Franklin County Criminal Law Casebook

Reproduced with permission from:
Timothy E. Pierce and the Franklin County Public Defender Office

R.C. 2915.01 -- Definitions
R.C. 2915.02 -- Gambling
R.C. 2915.03 -- Operating a gambling house
R.C. 2915.04 -- Public gaming
R.C. 2915.05 -- Cheating
State v. Standen, 173 Ohio App. 3d 324, 2007-Ohio-5477 – On suspicion of illegal gambling, the bar the defendant operated was raided and $46,485 was seized from a safe. He initially obtained an order releasing some of the money, but the state appealed and won. After he pleaded guilty to the gambling charge, the state sought forfeiture of the money. It dropped a claim under R.C. 2933.43 because it could not prove the money was contraband. The court properly denied an alternative claim under R.C. 2933.41, which claimed the currency had been used in the commission of a criminal offense. The defendant had a possessory interest in the money and had done all he needed to assert that interest by previously seeking its return. Unable to prove a connection between the money and the crimes the defendant was convicted of, the state for the first time on appeal claimed it was being used in connection with money laundering. The suggestion that the money may have been hidden from the defendant‘s wife during a divorce is not enough to establish money laundering.
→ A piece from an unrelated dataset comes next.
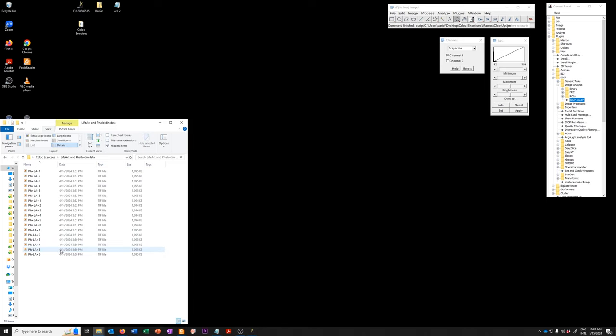One which has both phalloidin and LIFACT, one which has phalloidin but not LIFACT and one which has LIFACT but not phalloidin.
State v. Thompson, Fairfield App. No. 03CA87, 2004-Ohio-7269 -- Money seized during raid on gambling premises was improperly ordered forfeited during sentencing on a misdemeanor charge of operating a gambling house. Forfeiture requires a petition and proceedings in accordance with R.C. 2933.43(C) unless it has been made part of a plea bargain.
State v. George, Hamilton App. No. 030216, 2004-Ohio-2868 -- Tip tickets ostensibly sold to benefit a charity were the basis for convictions for gambling, operating a gambling house, money laundering, conspiracy and racketeering. At sentencing the prosecutor claimed some of the proceeds ultimately went to HAMAS. (1) While the case was pending, state agents twice searched the defendant's house seizing documents relating to the case and preparation for trial. Motion to dismiss based on seizure of materials within the attorney client privilege is premature since documents precise location is uncertain, as is the prosecutor's access to privileged information. (2) Reversed for failure to grant a continuance to locate these trial preparation materials. Even if the raids were the result of continued illegal activity, agents did not have the right to seize constitutionally privileged materials. Defense counsel were not require to accept offer of return as they would then have been subject to claims "they phonied up the contents" during a hearing on the motion to dismiss. (3) Except for one count, the poorly drafted indictment was barely sufficient. "It is also clear that George's trial counsel did not need any help getting confused." Failure to identify specific gambling house premises rendered one count insufficient. (4) 25-year sentence probably would not pass appellate review. Failure to permit continuance to rebut HAMAS claim was reversible error. (5) Gratuitous comments by defense counsel and the trial court's lack of patience made the case unnecessarily difficult.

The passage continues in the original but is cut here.